We never told you that Father St. Pierre was the author of that immortal work Telemachus. Since childhood, we have known that it was Mr. Fénelon, archbishop of Cambrai. Only a foreigner, lacking knowledge of our literature, would have told you otherwise.3

We were happy to learn that your ladies look back wistfully on France. 594The sentiments that prompted their recollection are quite flattering to us. We would be all the more flattered if we had the honor to see them again before their return to America and to remind them of the respectful sentiments they inspired in us. As we await this happy event, we beg them to let us offer our regards.

Two of General Washington’s aides-de-camp were kind enough to deliver our letter.4 They will bring you news of Paris and will tell you better than we can of everything that may interest your curiosity.

We offer you our services. Whenever we can do something to suit your pleasure, do not hesitate to call upon the friendship we share with you, and with which we have the honor to be, our dear friend, your most humble and most obedient servants

L’Abbé Chalut L’abbé Arnoux

Mr. Chalut is very touched by your recollections of him. He sends you his sincere compliments and his regards to your ladies.

Mr. Petry received your compliments with much gratitude. He assures you of his respectful commitment to you.

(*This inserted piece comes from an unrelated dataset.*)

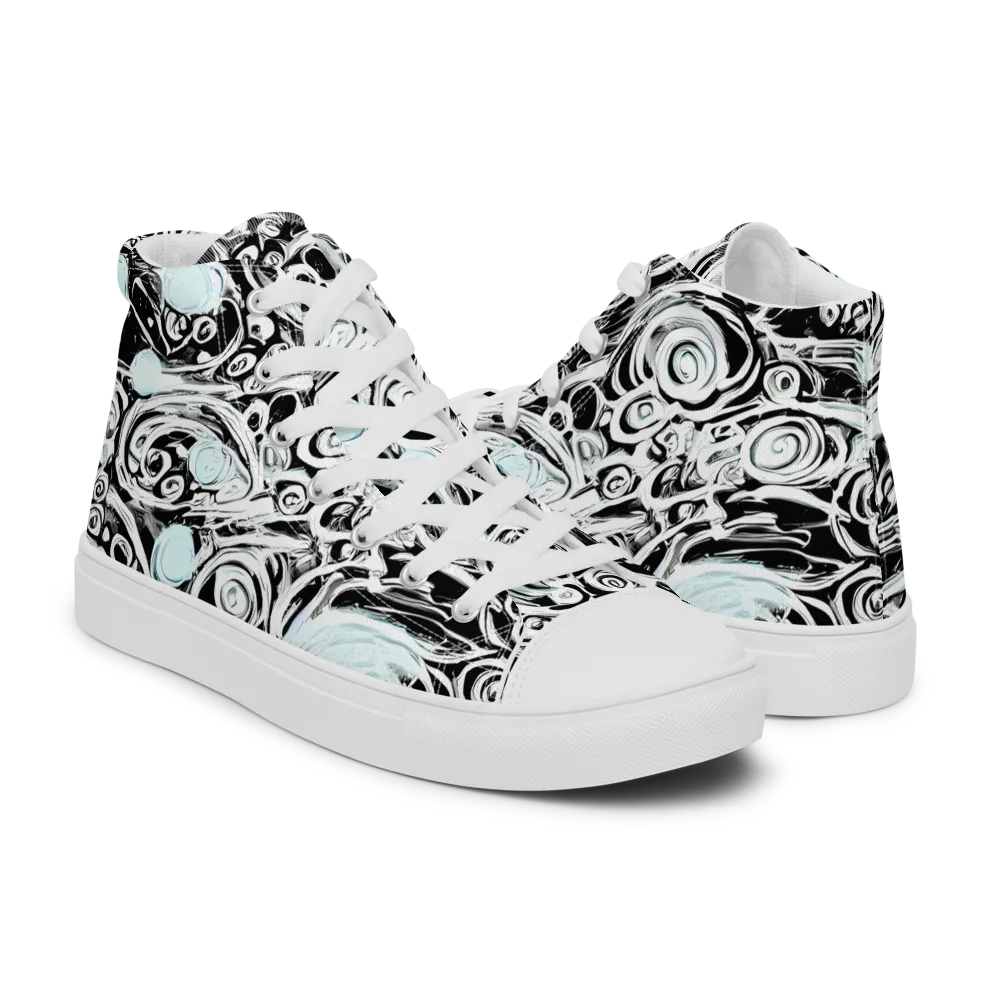 Frozen Vortex on Men's High Top Canvas Shoes — Right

Miss Lucile is quite flattered that you and your ladies have not forgotten her. She is about to get married and counts on us to let you know, because she knows that you will have the goodness to be interested in this happy occasion. Her future husband is Mr. Deville, first secretary of the Comte de Vergennes. The king gave the young man a position as farmer general. Fortune will accompany this marriage, and makes us anticipate the happiness of these two future spouses.5

We wish to hear of that of Miss Adams, and we congratulate in advance the future spouse whom she chooses with your blessing.

RC (Adams Papers); docketed by CFA: “Chalut & Arnoult / Novr 20. 1785.”


The abbés received a letter from JA, forwarded by Thomas Jefferson, on or about 11 Nov., but it has not been found (Jefferson, Papers , 9:26).


This was Samuel Mickle Fox (1763–1808), who, according to Benjamin Rush in 16 June letters of introduction to JA (Adams Papers) and Jefferson (Jefferson, Papers , 8:220), was descended from “an ancient & very respectable quaker family” of Philadelphia (Anne H. Cresson, “Biographical Sketch of Joseph Fox, Esq., of Philadelphia,” PMHB , 32:196 [Jan. 1908]). On 19 Oct. AA wrote to inform Jefferson that Fox would be leaving London for Paris on the 20th, and in his 20 Nov. reply to her Jefferson noted Fox’s arrival. Fox’s traveling companion may have been Dr. John Richardson Bayard Rodgers, who Jefferson indicates arrived at about the same time ( AFC , 6:437, 462).


JA apparently attributed the authorship of Les aventures de Télémaque, fils d’Ulysse (London, 1699–1700) to Charles Irénée Castel, Abbé de Saint Pierre, rather than to Archbishop François de Salignac de La Mothe Fénelon. Saint Pierre was the author of Discours sur la polysynodie (London, 1718). JA’s error may have been owing to the fact that both works were critical of Louis XIV (Hoefer, Nouv. biog. générale ).


That is, David Humphreys and WSS. Jefferson indicated in his 27 Nov. letter, below, that they were to depart Paris on the 28th for London, where they arrived on 5 Dec. ( AFC , 6:478).


Lucille Chalut de Vérin was the adopted daughter of Geoffroy Chalut de Vérin, the Abbé Chalut’s brother and one of the Farmers General, and presumably the person mentioned in the first sentence of the postscript. For the circumstances of the Adamses’ encounter with her and M. Deville, her fiancé, at a dinner at the elder Chalut’s home in Oct. 1784, see AFC , 6:435, 436.